◆ **Exercise**
Pull out of the data below the stretch of lines bounded by the one containing "Nukkad Tales Peach" and the one containing "A bright tiled", both bounds included, unchanged.

(Short text fragments from websites)
::::::::
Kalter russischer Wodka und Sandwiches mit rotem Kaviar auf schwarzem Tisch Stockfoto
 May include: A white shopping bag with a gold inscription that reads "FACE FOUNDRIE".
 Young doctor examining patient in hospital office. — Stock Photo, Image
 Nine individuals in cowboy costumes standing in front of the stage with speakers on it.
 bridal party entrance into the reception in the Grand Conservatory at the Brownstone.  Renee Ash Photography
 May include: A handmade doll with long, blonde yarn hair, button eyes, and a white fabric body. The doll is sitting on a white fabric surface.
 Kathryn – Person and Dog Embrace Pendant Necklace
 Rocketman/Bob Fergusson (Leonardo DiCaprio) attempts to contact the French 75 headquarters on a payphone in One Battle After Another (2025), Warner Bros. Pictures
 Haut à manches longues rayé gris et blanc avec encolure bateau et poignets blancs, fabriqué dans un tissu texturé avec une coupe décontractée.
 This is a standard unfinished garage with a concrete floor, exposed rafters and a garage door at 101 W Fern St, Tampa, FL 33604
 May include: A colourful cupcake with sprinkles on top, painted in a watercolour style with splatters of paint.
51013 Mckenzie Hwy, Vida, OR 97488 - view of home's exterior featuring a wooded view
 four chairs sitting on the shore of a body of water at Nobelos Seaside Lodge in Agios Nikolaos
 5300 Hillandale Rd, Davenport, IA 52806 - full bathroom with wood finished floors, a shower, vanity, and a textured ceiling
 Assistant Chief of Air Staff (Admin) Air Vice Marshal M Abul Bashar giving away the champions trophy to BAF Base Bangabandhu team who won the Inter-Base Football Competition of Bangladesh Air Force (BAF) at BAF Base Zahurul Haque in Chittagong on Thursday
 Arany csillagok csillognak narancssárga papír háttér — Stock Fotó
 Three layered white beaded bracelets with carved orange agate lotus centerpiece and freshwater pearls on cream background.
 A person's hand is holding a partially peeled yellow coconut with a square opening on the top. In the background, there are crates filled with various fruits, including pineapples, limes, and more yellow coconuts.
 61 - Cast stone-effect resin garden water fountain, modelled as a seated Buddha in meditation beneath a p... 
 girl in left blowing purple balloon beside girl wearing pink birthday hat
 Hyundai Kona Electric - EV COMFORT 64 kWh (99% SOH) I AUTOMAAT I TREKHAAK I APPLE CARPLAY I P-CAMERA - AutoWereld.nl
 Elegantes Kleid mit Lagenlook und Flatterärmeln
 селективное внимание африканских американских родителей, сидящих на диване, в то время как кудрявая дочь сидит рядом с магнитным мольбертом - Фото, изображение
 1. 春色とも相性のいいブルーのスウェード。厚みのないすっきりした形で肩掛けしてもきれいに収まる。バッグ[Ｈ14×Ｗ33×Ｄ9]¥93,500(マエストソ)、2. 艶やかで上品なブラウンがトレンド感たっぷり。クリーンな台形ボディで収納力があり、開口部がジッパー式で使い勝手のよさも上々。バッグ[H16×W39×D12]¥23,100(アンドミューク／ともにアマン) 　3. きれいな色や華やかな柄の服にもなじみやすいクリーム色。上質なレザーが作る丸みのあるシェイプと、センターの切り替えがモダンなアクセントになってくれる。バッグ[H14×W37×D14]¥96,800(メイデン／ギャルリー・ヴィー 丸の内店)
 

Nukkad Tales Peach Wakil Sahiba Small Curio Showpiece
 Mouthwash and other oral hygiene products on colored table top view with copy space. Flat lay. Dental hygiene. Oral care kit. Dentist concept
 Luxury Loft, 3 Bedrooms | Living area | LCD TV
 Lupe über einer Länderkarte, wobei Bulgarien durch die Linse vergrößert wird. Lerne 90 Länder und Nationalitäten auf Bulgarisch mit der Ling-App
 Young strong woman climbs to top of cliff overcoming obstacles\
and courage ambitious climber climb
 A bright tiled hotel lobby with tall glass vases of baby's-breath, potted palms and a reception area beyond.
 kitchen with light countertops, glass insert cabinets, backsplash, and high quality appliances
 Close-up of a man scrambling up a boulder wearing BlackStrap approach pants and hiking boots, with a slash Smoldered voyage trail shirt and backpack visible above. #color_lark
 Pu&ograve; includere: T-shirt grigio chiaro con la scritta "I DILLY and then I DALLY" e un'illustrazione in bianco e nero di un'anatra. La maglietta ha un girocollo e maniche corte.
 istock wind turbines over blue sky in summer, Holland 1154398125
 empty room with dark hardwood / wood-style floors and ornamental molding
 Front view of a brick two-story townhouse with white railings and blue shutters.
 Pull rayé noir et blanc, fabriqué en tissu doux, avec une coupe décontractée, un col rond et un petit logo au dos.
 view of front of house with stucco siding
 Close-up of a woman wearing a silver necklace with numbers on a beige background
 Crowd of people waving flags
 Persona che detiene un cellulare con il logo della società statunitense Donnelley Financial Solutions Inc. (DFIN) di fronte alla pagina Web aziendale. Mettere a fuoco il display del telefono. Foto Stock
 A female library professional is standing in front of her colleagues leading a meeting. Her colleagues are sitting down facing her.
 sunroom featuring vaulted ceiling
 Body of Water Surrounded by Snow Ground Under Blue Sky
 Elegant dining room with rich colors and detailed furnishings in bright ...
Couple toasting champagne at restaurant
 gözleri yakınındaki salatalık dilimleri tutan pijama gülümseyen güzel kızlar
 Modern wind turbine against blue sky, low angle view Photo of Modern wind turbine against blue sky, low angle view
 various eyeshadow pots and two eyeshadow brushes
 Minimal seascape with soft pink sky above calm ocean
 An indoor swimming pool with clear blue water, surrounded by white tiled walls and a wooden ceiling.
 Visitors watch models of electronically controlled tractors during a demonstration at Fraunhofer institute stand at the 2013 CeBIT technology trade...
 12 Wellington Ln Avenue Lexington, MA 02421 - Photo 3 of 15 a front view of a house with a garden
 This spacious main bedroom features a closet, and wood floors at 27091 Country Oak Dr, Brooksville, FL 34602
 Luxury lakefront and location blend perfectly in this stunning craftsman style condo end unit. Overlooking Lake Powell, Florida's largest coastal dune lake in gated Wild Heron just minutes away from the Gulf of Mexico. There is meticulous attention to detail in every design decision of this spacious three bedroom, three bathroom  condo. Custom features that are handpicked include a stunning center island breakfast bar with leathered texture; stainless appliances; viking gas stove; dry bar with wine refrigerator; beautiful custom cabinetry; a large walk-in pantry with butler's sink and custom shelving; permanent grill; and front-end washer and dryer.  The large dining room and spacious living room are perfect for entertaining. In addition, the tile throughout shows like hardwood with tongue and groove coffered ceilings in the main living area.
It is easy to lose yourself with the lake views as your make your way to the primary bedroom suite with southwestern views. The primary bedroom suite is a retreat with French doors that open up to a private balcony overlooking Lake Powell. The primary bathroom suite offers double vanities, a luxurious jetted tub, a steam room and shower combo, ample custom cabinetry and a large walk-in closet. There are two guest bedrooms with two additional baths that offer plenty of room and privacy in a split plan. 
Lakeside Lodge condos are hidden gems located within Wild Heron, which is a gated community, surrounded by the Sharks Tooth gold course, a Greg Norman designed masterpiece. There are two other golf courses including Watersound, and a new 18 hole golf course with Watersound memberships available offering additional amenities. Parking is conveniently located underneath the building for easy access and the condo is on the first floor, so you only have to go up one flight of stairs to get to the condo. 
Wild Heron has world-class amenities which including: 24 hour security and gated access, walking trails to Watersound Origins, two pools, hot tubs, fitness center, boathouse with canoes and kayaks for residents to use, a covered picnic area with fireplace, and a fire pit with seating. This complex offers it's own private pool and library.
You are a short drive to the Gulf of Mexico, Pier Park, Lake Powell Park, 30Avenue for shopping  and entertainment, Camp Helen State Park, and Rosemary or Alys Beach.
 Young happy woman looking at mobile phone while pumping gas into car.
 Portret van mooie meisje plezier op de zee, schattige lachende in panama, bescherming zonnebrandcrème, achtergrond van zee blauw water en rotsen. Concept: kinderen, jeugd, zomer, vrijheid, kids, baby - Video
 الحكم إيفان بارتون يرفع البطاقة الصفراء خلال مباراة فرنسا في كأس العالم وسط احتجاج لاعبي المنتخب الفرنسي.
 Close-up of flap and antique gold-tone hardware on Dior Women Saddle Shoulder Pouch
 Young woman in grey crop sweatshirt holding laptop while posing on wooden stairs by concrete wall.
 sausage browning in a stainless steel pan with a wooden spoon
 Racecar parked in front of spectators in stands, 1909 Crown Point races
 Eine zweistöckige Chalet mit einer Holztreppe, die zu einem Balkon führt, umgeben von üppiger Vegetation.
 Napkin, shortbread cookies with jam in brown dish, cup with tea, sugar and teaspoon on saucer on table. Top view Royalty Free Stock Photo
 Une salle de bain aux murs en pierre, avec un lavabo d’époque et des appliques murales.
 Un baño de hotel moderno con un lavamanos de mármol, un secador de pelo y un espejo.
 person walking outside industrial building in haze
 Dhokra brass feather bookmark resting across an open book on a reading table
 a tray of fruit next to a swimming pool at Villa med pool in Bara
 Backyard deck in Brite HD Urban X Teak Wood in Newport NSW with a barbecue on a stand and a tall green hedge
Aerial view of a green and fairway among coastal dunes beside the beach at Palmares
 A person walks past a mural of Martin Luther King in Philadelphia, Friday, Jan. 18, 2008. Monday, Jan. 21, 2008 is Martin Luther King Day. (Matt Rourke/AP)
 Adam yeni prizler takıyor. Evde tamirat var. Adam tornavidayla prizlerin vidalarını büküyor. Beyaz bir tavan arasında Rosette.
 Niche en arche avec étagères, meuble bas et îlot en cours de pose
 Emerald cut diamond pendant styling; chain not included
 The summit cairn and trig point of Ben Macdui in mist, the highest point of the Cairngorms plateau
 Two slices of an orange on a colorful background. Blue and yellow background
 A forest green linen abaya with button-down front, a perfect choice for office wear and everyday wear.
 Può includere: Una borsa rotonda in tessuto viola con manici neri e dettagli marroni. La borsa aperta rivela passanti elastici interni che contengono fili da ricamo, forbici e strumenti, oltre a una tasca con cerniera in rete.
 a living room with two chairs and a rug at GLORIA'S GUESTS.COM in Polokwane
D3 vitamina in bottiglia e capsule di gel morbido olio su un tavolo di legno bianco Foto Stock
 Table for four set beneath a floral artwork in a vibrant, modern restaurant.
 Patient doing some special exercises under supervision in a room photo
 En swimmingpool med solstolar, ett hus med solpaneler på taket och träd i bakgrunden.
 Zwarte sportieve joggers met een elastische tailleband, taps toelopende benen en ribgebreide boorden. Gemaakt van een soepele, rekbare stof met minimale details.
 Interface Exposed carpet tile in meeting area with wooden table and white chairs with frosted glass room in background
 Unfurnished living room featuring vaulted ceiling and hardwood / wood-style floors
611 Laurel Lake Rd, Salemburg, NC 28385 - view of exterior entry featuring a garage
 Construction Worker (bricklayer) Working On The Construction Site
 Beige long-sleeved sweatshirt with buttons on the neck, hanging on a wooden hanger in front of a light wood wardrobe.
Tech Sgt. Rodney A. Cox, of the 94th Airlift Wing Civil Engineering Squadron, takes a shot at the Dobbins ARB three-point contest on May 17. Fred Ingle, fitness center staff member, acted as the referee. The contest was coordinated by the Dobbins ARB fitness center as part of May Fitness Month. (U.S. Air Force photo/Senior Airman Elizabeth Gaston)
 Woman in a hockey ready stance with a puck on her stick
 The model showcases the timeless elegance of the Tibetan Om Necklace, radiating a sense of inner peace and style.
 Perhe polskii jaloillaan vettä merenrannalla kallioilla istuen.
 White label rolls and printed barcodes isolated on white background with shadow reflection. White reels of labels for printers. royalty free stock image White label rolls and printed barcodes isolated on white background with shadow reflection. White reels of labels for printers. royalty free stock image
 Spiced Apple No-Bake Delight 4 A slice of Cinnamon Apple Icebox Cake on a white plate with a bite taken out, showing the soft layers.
::::::::
◆ **Exercise response**
Nukkad Tales Peach Wakil Sahiba Small Curio Showpiece
 Mouthwash and other oral hygiene products on colored table top view with copy space. Flat lay. Dental hygiene. Oral care kit. Dentist concept
 Luxury Loft, 3 Bedrooms | Living area | LCD TV
 Lupe über einer Länderkarte, wobei Bulgarien durch die Linse vergrößert wird. Lerne 90 Länder und Nationalitäten auf Bulgarisch mit der Ling-App
 Young strong woman climbs to top of cliff overcoming obstacles\
and courage ambitious climber climb
 A bright tiled hotel lobby with tall glass vases of baby's-breath, potted palms and a reception area beyond.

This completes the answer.